Yoram Singer: Memory-Efficient Adaptive Optimization for Humungous-Scale Learning

Tuesday, April 23, 2019 - 4:00pm to 5:00pm
Light Refreshments at 3:45pm
Patil/Kiva G449
Yoram Singer, Princeton University
Adaptive gradient-based optimizers such as AdaGrad and Adam are among the methods of choice in modern machine learning. These methods maintain second-order statistics of each model parameter, thus doubling the memory footprint of the optimizer. In behemoth-size applications, this memory overhead restricts the size of the model being used as well as the number of examples in a mini-batch.

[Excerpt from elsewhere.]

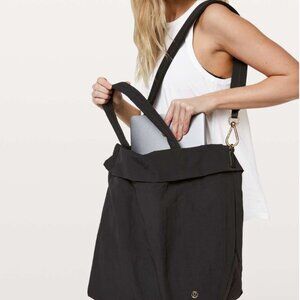 LULULEMON ON MY LEVEL LARGE BAG 30L BLACK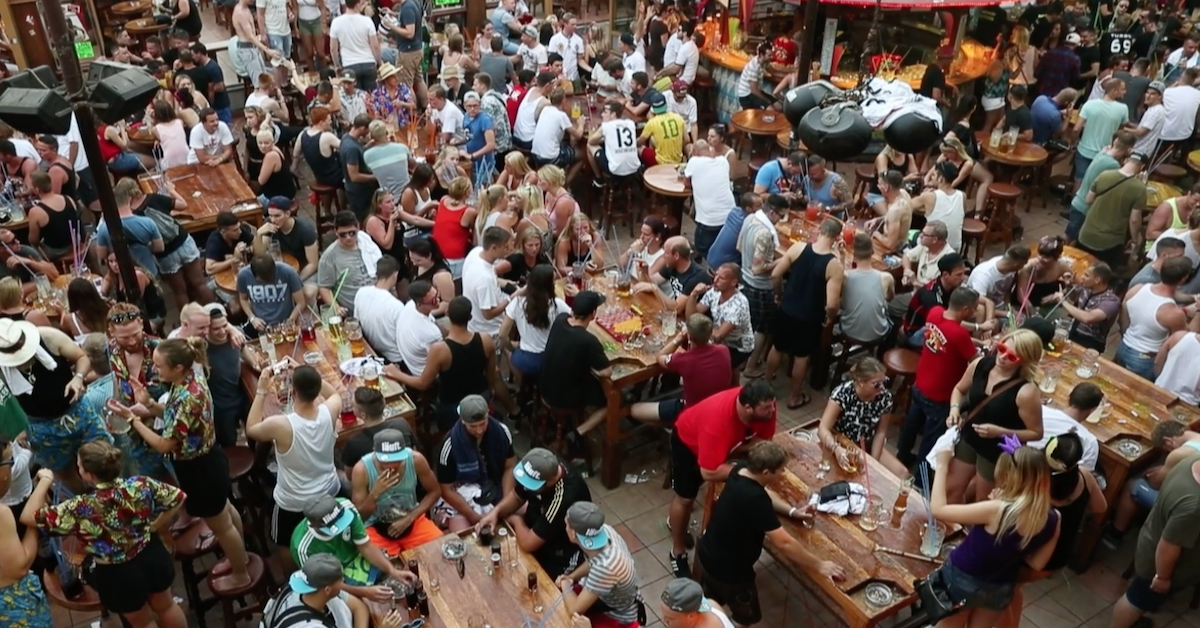 "Leute haben Bock": Mallorca feiert Opening am Ballermann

We describe a novel, simple, and flexible adaptive optimization method with sublinear memory cost that retains the benefits of per-parameter adaptivity while allowing for larger models and mini-batches. We give convergence guarantees for our method and demonstrate its effectiveness in training some of the largest deep models used at Google.
Yoram Singer is the head of Principles Of Effective Machine-learning (POEM) research group in Google Brain and a professor of Computer Science at Princeton.  He was a member of the technical staff at AT&T Research from
1995 through 1999 and an associate professor at the Hebrew University from 1999 through 2007. He is a fellow of AAAI. His research on machine learning algorithms received several awards.